A ‘heat pump’ is a device that moves heat from one place to another; it works much like an air conditioner or a refrigerator. While a refrigerator moves heat from your fridge to your kitchen, a heat pump water heater (HPWH) moves heat from your home into the hot water tank. Most HPWHs include an integrated hot water tank and a ‘hybrid’ mode (i.e. they can also run as standard electric water heaters if necessary).
For the HPWH to run efficiently, the space should generally stay above 50°F.
A heat pump removes heat from ambient air. Hence there must be a considerable volume of air available; most manufacturers recommend about 750 ft3 . HPWHs often require larger clearances from walls so that air can circulate properly, and they are often taller and heavier than standard water heaters.
Most closets – even closets with louvered doors – are not appropriate for HPWHs
Because HPWHs remove moisture from the air, the condensed water must be channeled to a drain or a condensate pump must be installed.
Make sure the HPWH is located where this noise will not be disruptive.
Maintenance requirements are not onerous, but they are important. Many HPWHs have air filters which should be cleaned regularly for best performance. Refer to product manuals for more information.
Savings depend primarily on hot water use.

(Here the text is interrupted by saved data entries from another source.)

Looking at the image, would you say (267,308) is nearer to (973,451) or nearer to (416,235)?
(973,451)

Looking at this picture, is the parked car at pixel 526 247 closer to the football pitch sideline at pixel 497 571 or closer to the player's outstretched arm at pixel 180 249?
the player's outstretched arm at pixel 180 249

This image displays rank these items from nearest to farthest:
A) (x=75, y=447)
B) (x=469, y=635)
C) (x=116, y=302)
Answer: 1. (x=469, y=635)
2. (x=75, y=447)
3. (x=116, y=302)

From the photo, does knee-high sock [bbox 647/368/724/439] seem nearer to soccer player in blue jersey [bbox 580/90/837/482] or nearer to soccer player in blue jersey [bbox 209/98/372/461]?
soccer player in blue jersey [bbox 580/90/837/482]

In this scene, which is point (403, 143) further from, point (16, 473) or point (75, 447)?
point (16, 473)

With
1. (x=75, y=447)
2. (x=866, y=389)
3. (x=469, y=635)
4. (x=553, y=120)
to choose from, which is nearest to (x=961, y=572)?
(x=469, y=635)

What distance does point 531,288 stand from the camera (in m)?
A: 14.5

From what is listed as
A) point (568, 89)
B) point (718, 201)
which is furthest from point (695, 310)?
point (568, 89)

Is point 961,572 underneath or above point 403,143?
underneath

There will always be overall savings when compared to a standard electric water heater. Even if the HPWH runs in electric resistance mode all winter, during the warmer months you will benefit from the increased efficiency (along with some free cooling and dehumidification).
When Does it Work Best
HPWHs are more efficient when the surrounding air is warmer. Intense water use may result in lower efficiencies.